Covering everything. A couple of quick words and I'm done. Let's strive to promote responsibility and not so much rights. A culture that gets real hung up on pushing rights all the time promotes rebellion, but when you promote your responsibility before God, you promote revival. I'm not saying there's no place for emphasizing our rights, there is. Today we have the right to do everything in America, but very little discussion about our responsibilities to a holy God. Promoting rights encourages rebellion. Promoting responsibility encourages revival. One last quick word to our young people. Your moms and dads are not perfect. Some of them maybe not very good at all, but I charge you focus on what they have done right. You might even say, well, my mom didn't even care enough to keep me, she gave me up for adoption, but she gave you life.
That's something, that's not nothing. You'd be surprised what God will do if you'll focus on what mom and dad did right and get off of this stuff of what they've done wrong. This is a testimony a young man wrote. He said, my father was not all that bad of a father. The difficulty was twofold. First, he was a busy doctor, seldom at home. Second, it was difficult to talk to him.
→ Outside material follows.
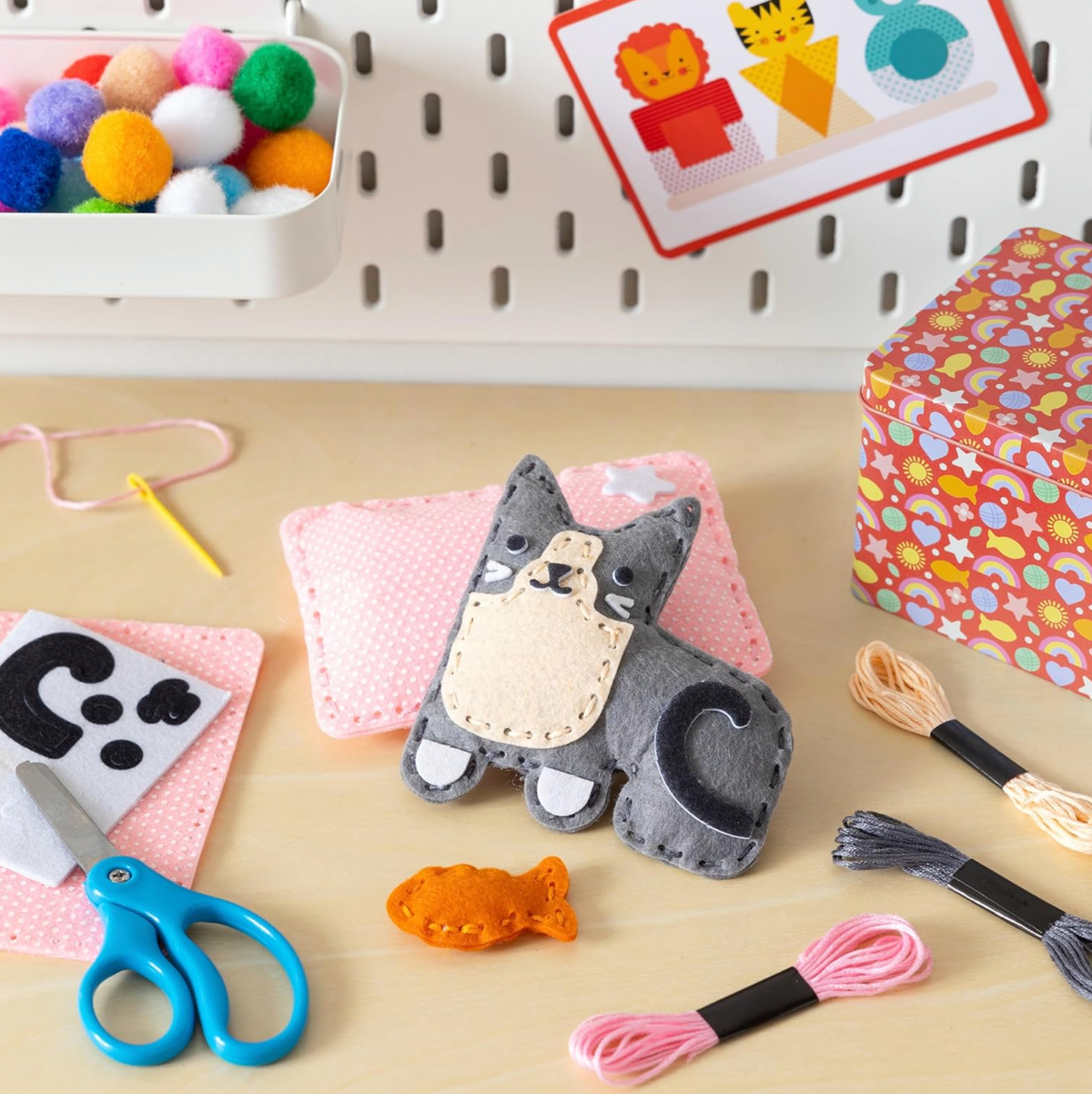 Mini Craft Kit: Pocket Pet Kitten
My father doesn't communicate easily on a personal level. I can't ever remember having a meaningful construction conversation with my father, but then I determined I would examine his life for areas which I could purposefully and particularly honor him and admire him for, and I began to discover there's many areas. I learned my father was extremely hard working and conscientious. Indeed, that was why he was away from home so much. So although his being away created problems, there are also advantages too.
He could pay for a thorough and extended education for me. And secondly, it allowed him to be very generous as he gave to the church and Christian causes, and he never talked about it and never flaunted it. So he says, when I learned what he did right and good, some of the resentments dissipated. I had that experience. I believe my mother was converted late, I don't think my father was, and I got converted and just kind of washed away everything that they had taught me, thinking it had to be all wrong. Boy, what was I wrong? Some of you helped me, because I got into church, and I found out there's some faithful churchgoing folks that didn't do as well in some areas as my mom and dad did, even though they weren't churchgoers. Responsibility, honesty, hard work for sure, discipline, sacrifice for others, they modeled that. And so I begin to go back and realize there's so many positives and begin to praise the Lord for those, along with the so-called negatives, because God has a purpose for them all. Children, obey your parents in the Lord, for this is right.